Aligning Offline Metrics and Human Judgments of Value of AI-Pair Programmers
- Victor Dibia ,
- Adam Fourney ,
- Gagan Bansal ,
- Forough Poursabzi-Sangdeh (SHE/HER) ,
- Han Liu ,
- Saleema Amershi
ACL 2023 |
Large language models trained on massive amounts of natural language data and code have shown impressive capabilities in automatic code generation scenarios. Development and evaluation of these models has largely been driven by offline functional correctness metrics, which consider a task to be solved if the generated code passes corresponding unit tests. While functional correctness is clearly an important property of a code generation model, we argue that it may not fully capture what programmers value when collaborating with their AI pair programmers. For example, while a nearly correct suggestion that does not consider edge cases may fail a unit test, it may still provide a substantial starting point or hint to the programmer, thereby reducing total needed effort to complete a coding task. To investigate this, we conduct a user study with (N=49) experienced programmers, and find that while both correctness and effort correlate with value, the association is strongest for effort. We argue that effort should be considered as an important dimension of evaluation in code generation scenarios.
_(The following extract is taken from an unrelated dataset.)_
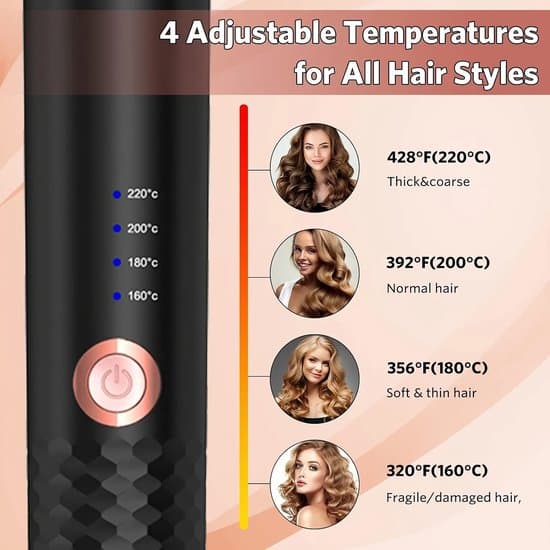 Automatic Curling Iron - Hair Curler Automatic - Rotating Curling Brush - 4 Temperature Settings - Wave Curling Iron - Rotating Curling Brush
We then revisit syntactic similarity-based offline metrics, such as normalized edit similarity, hypothesizing that they better capture effort. We find that functional correctness remains better at identifying the highest-value generations; but, as expected, participants still saw considerable value in code that failed unit tests. Conversely, similarity-based metrics are very good at identifying the lowest-value generations among those that fail unit tests. Based on these findings, we propose a simple hybrid metric, which combines functional correctness and similarity-based metrics to capture different dimensions of what programmers might value and show that this hybrid metric more strongly correlates with both value and effort. Our findings emphasize the importance of designing human-centered metrics that capture what programmers need from and value in their AI pair programmers.